* **PROBLEM STATEMENT**
Return every record below exactly as written.

Collection entries:

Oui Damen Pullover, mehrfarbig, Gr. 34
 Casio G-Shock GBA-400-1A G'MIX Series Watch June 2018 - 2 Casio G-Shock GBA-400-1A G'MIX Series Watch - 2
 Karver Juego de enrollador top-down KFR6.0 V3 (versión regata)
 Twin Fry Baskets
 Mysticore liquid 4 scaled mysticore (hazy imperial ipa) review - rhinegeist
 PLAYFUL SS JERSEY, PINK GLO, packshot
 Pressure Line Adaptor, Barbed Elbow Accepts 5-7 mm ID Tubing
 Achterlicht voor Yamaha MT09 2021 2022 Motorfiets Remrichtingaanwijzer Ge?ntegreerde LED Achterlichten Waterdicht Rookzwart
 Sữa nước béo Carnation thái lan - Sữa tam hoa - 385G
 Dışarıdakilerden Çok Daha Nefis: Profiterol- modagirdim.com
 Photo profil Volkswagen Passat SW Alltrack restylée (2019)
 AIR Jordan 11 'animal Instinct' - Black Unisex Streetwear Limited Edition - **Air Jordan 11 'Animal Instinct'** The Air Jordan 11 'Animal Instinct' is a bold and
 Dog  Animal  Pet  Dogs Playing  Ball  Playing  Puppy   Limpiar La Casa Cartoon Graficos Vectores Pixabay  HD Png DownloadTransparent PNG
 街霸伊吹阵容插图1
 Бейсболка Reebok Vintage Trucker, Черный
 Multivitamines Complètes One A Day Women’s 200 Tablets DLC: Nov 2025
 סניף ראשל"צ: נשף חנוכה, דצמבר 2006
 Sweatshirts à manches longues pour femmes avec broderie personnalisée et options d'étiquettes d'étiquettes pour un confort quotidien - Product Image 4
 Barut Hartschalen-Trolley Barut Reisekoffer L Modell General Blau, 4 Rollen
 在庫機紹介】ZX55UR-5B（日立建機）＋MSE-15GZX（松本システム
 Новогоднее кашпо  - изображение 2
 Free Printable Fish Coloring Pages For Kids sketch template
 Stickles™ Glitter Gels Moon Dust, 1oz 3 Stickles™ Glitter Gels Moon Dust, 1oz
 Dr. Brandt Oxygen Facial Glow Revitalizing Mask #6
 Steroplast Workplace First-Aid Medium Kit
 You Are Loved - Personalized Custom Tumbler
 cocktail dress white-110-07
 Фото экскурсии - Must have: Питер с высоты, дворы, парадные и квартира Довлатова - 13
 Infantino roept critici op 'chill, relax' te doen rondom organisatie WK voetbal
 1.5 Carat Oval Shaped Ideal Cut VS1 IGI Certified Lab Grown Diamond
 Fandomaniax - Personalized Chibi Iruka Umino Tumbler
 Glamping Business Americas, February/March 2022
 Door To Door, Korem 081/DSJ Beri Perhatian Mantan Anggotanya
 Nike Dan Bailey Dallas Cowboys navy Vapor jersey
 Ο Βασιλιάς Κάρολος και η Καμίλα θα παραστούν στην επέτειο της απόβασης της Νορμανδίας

* **EXERCISE OUTPUT**
Oui Damen Pullover, mehrfarbig, Gr. 34
 Casio G-Shock GBA-400-1A G'MIX Series Watch June 2018 - 2 Casio G-Shock GBA-400-1A G'MIX Series Watch - 2
 Karver Juego de enrollador top-down KFR6.0 V3 (versión regata)
 Twin Fry Baskets
 Mysticore liquid 4 scaled mysticore (hazy imperial ipa) review - rhinegeist
 PLAYFUL SS JERSEY, PINK GLO, packshot
 Pressure Line Adaptor, Barbed Elbow Accepts 5-7 mm ID Tubing
 Achterlicht voor Yamaha MT09 2021 2022 Motorfiets Remrichtingaanwijzer Ge?ntegreerde LED Achterlichten Waterdicht Rookzwart
 Sữa nước béo Carnation thái lan - Sữa tam hoa - 385G
 Dışarıdakilerden Çok Daha Nefis: Profiterol- modagirdim.com
 Photo profil Volkswagen Passat SW Alltrack restylée (2019)
 AIR Jordan 11 'animal Instinct' - Black Unisex Streetwear Limited Edition - **Air Jordan 11 'Animal Instinct'** The Air Jordan 11 'Animal Instinct' is a bold and
 Dog  Animal  Pet  Dogs Playing  Ball  Playing  Puppy   Limpiar La Casa Cartoon Graficos Vectores Pixabay  HD Png DownloadTransparent PNG
 街霸伊吹阵容插图1
 Бейсболка Reebok Vintage Trucker, Черный
 Multivitamines Complètes One A Day Women’s 200 Tablets DLC: Nov 2025
 סניף ראשל"צ: נשף חנוכה, דצמבר 2006
 Sweatshirts à manches longues pour femmes avec broderie personnalisée et options d'étiquettes d'étiquettes pour un confort quotidien - Product Image 4
 Barut Hartschalen-Trolley Barut Reisekoffer L Modell General Blau, 4 Rollen
 在庫機紹介】ZX55UR-5B（日立建機）＋MSE-15GZX（松本システム
 Новогоднее кашпо  - изображение 2
 Free Printable Fish Coloring Pages For Kids sketch template
 Stickles™ Glitter Gels Moon Dust, 1oz 3 Stickles™ Glitter Gels Moon Dust, 1oz
 Dr. Brandt Oxygen Facial Glow Revitalizing Mask #6
 Steroplast Workplace First-Aid Medium Kit
 You Are Loved - Personalized Custom Tumbler
 cocktail dress white-110-07
 Фото экскурсии - Must have: Питер с высоты, дворы, парадные и квартира Довлатова - 13
 Infantino roept critici op 'chill, relax' te doen rondom organisatie WK voetbal
 1.5 Carat Oval Shaped Ideal Cut VS1 IGI Certified Lab Grown Diamond
 Fandomaniax - Personalized Chibi Iruka Umino Tumbler
 Glamping Business Americas, February/March 2022
 Door To Door, Korem 081/DSJ Beri Perhatian Mantan Anggotanya
 Nike Dan Bailey Dallas Cowboys navy Vapor jersey
 Ο Βασιλιάς Κάρολος και η Καμίλα θα παραστούν στην επέτειο της απόβασης της Νορμανδίας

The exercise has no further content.